Oleh Ust. Izzatullah Abduh, M.Pd.
Hidup sejatinya anugerah yang besar yang wajib kita syukuri. Di antaranya dengan menjadi manusia yang gemar menebar manfaat dan maslahat untuk manusia lainnya.
Islam tidak membenarkan bahkan mencela pribadi-pribadi yang bersifat individualis dan apatis.
Sebaliknya, Islam sangat mengapresiasi pribadi-pribadi yang gemar menebar manfaat untuk sesama. Dan hal ini termasuk amalan yang nilainya sangat tinggi di dalam Islam.
خيرُ الناسِ أنفعُهم للناسِ
"Sebaik-baik manusia adalah ia yang banyak berkontribusi menebar manfaat untuk manusia lainnya." (HR. Ibnu Hibban, dengan derajat hasan menurut Al-Albani)

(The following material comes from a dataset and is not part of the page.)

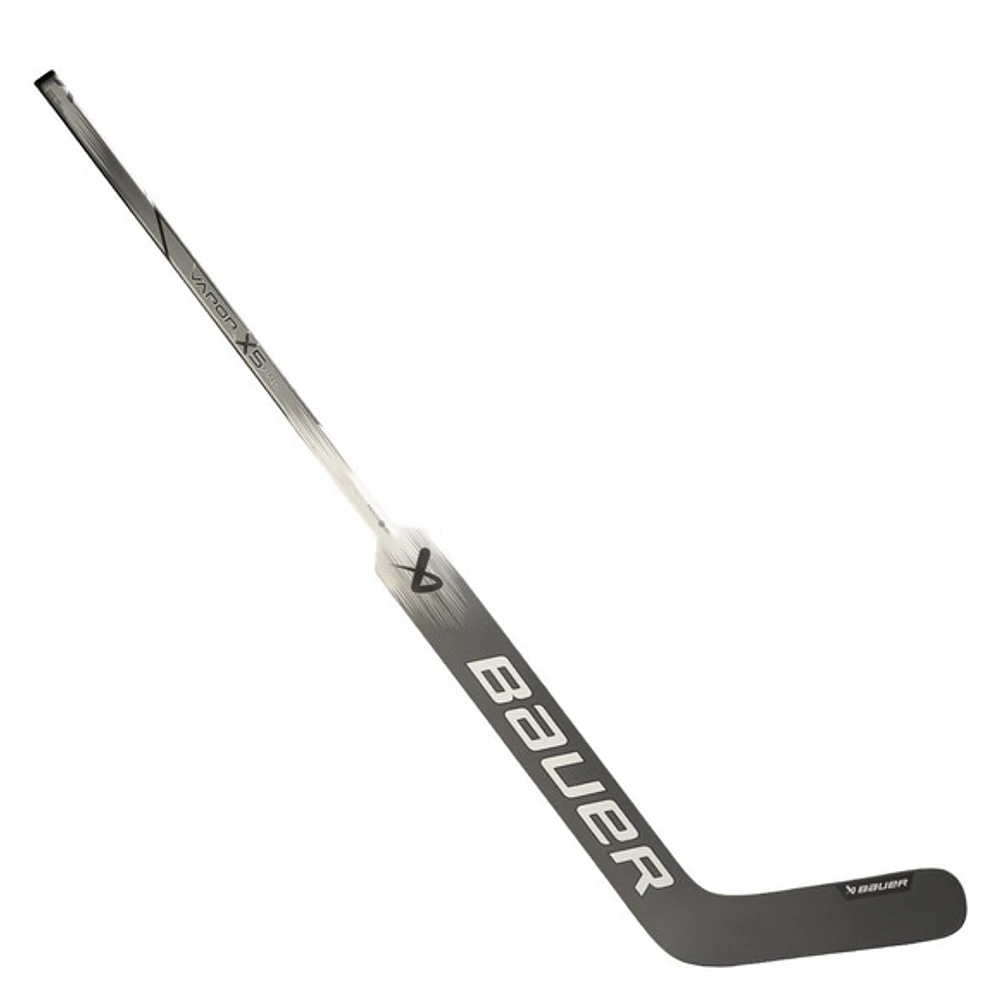 S23 Vapor X5 Pro Sr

أحبُّ الناسِ إلى اللهِ أنْفَعُهُمْ لِلنَّاسِ
"Manusia yang paling dicintai Allah adalah ia yang banyak berkontribusi menebar manfaat untuk manusia lainnya." (HR. Thabrani, dengan derajat shahih menurut Al-Albani)
Menjadi manusia yang bermanfaat bisa dimulai dari hal yang paling sederhana, yang paling kecil hingga ke hal yang paling besar. Kembali berdasar kemampuan dan kesanggupan setiap individu.
Tidak harus nampak kelihatan, karena menebar manfaat bisa saja dilakukan di balik layar.
Dalam sejarah Islam, kita mengenal banyak tokoh-tokoh besar. Seperti khalifah ini, khalifah itu, dan seterusnya. Namun sangat sedikit di antara kita yang memahami bahwa di balik khalifah-khalifah itu ternyata ada tokoh lain yang memiliki peran dan bahkan menjadi faktor utama atas munculnya setiap kebijakan khalifah, dan atau naiknya khalifah ke tampuk kekuasaan.
Pada periode awal abad hijriyah dan mau memasuki periode kedua abad hijriyah, di sana ada tiga pilar manusia yang sangat dikenal karena keilmuannya dan keteguhannya di atas agama Allah subhanahu wata'ala, yaitu Muhammad bin Sirrin di 'Iraq, Qashim bin Muhammad bin Abu Bakar di Hijaz, dan Roja bin Haywah di Syam rahimahumullah jami'an.
Dari ketiga ini, kita akan mengupas salah satunya, yaitu Roja bin Haywah rahimahullah.
Roja bin Haywah dikenal sebagai seorang yang 'alim (ahli ilmu), yang faqih, yang zuhud, dan seorang muhandis (insinyur/arsitektur).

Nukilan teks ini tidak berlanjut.